Working with older versions of C3 MIR datasets using the alternate delimiter setting

  • In general we recommend that Gene Set and input file names should stick to alphanumeric characters, plus the underscore as a separator. Use of other 'special' characters can cause issues on some operating systems and programming languages, and those issues may vary across Mac, Linux, and Windows.
  • The C3 MIR sub-collection in former versions of MSigDB (v5.2 and earlier) did not keep to this advice. It used the comma character as part of the Gene Set name, which conflicts with the separator character GSEA v2.x used for the Gene Set selector fields and cause failures as GSEA could not distinguish between the commas within the names and the commas separating the names.
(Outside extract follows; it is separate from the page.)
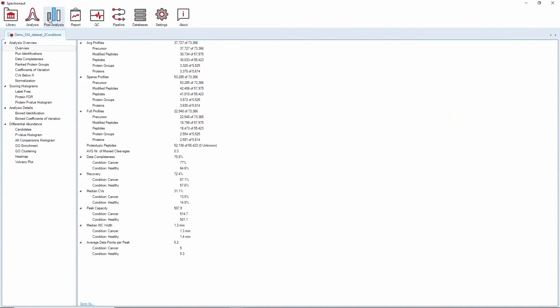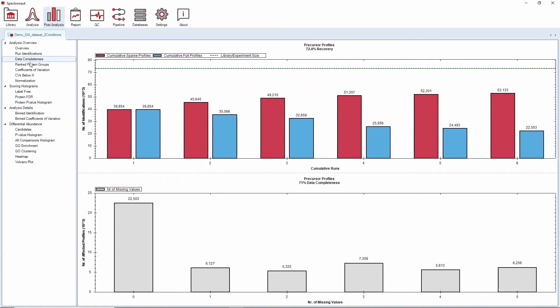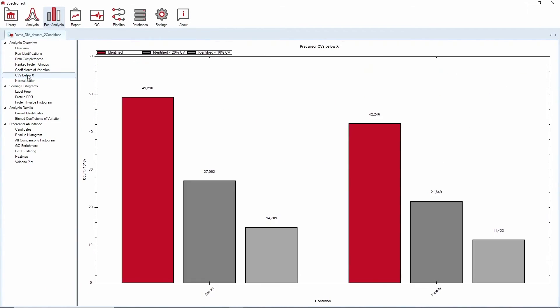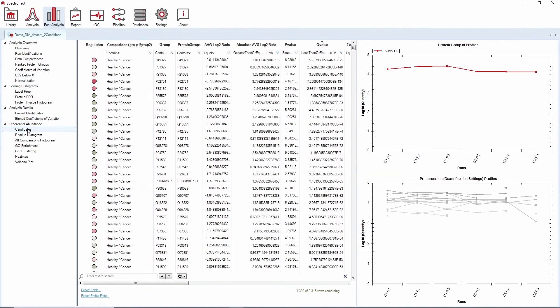In the post-analysis, you get an overview of your analysis and, for instance, on data completeness as well as reproducibility of your measurements. If you have performed statistical testing, Spectronaut will also generate a candidates list.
These Gene Sets have been renamed in MSigDB v6.0 to avoid these issues.
  • GSEA v3.0 introduces a new alternate delimiter setting in 'Advanced fields' to allow you to override the default separator for cases like this. We recommend using the semicolon ';' instead.
  • We encourage you to avoid these characters in your own Gene Set and file names. It's safest to stick to alphanumeric characters, possibly with an underscore in place of spaces or other special characters.